GIVEN DATA:
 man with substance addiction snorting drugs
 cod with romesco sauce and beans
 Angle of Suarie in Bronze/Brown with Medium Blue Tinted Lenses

ABOUT THIS EXERCISE: Beginning at the line that contains "cod with romesco sauce and beans" and ending at the last line above, copy each line without any change.

THE ANSWER:
 cod with romesco sauce and beans
 Angle of Suarie in Bronze/Brown with Medium Blue Tinted Lenses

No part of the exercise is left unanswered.